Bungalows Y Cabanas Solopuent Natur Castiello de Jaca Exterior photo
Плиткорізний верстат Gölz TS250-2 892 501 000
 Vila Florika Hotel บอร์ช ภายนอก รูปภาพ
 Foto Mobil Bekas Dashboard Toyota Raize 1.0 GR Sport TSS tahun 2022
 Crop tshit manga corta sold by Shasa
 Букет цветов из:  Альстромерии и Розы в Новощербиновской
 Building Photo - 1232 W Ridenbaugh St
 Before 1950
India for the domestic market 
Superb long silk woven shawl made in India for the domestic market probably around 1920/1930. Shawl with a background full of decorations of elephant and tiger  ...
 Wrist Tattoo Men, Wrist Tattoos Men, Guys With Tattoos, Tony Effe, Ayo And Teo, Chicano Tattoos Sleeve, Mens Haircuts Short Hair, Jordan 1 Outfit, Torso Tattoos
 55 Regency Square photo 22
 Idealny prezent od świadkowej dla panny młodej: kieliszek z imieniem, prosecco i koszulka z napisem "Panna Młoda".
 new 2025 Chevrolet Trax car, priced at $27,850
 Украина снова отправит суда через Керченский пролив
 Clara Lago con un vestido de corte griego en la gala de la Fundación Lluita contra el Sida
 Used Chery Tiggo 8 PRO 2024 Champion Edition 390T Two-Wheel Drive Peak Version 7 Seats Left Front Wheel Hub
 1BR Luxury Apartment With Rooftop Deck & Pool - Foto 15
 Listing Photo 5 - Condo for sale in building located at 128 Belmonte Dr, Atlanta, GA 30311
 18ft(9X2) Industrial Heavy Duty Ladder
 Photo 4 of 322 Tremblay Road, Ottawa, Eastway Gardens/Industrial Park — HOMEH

+ + +

Assigned task. Output only the lines running from the line with "1BR Luxury Apartment" through the final line of the data, inclusive.

Output below.
 1BR Luxury Apartment With Rooftop Deck & Pool - Foto 15
 Listing Photo 5 - Condo for sale in building located at 128 Belmonte Dr, Atlanta, GA 30311
 18ft(9X2) Industrial Heavy Duty Ladder
 Photo 4 of 322 Tremblay Road, Ottawa, Eastway Gardens/Industrial Park — HOMEH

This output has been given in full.